Rouhani Won the Iranian Election. Get Over it

by | Jun 16, 2013

The United States’ perennially mistaken Iran “experts” are already spinning Hassan Rouhani’s victory in Iran’s presidential election as a clear proof of the Islamic Republic’s ongoing implosion. In fact, Rouhani’s success sends a very different message: it is well past time for the US to come to terms with the reality of a stable and politically dynamic Islamic Republic of Iran.

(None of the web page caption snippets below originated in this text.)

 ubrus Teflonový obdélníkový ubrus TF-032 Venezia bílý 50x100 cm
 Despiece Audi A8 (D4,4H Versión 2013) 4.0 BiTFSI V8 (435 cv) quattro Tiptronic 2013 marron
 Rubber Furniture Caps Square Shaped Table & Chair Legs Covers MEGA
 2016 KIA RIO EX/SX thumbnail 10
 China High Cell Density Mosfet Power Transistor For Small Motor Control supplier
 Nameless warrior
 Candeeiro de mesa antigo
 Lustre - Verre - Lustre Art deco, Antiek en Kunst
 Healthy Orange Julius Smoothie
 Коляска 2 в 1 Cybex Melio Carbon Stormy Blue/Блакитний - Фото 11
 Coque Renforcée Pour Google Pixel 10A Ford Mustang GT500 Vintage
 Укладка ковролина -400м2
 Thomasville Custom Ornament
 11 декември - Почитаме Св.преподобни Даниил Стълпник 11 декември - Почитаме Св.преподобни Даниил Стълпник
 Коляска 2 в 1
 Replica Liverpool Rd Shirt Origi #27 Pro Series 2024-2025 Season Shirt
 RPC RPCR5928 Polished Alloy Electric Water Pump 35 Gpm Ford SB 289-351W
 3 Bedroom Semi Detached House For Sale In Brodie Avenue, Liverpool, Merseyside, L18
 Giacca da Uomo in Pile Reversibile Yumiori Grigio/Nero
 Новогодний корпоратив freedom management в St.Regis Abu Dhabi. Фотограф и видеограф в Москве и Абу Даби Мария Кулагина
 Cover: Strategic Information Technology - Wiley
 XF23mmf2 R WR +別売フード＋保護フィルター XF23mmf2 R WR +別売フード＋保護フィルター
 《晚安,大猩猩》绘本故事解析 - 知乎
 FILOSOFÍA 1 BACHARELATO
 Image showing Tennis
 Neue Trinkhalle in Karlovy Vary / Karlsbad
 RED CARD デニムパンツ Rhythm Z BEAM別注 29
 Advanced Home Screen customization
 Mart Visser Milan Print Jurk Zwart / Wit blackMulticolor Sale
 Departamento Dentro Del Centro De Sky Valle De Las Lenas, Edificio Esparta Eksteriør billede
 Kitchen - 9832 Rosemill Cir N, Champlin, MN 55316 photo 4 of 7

Three days before the election, we warned that US and expatriate Iranian pundits were confidently but wrongly positing how Iran’s election process would “be manipulated to produce a winner chosen by Supreme Leader Ayatollah Khamenei – a “selection rather than an election” – consolidating Khamenei’s dictatorial hold over Iranian politics”. Many, like the Brookings Institution’s Suzanne Maloney, identified nuclear negotiator Saeed Jalili as Khamenei’s “anointed” candidate; the Washington Post declared that Rouhani “will not be allowed to win”.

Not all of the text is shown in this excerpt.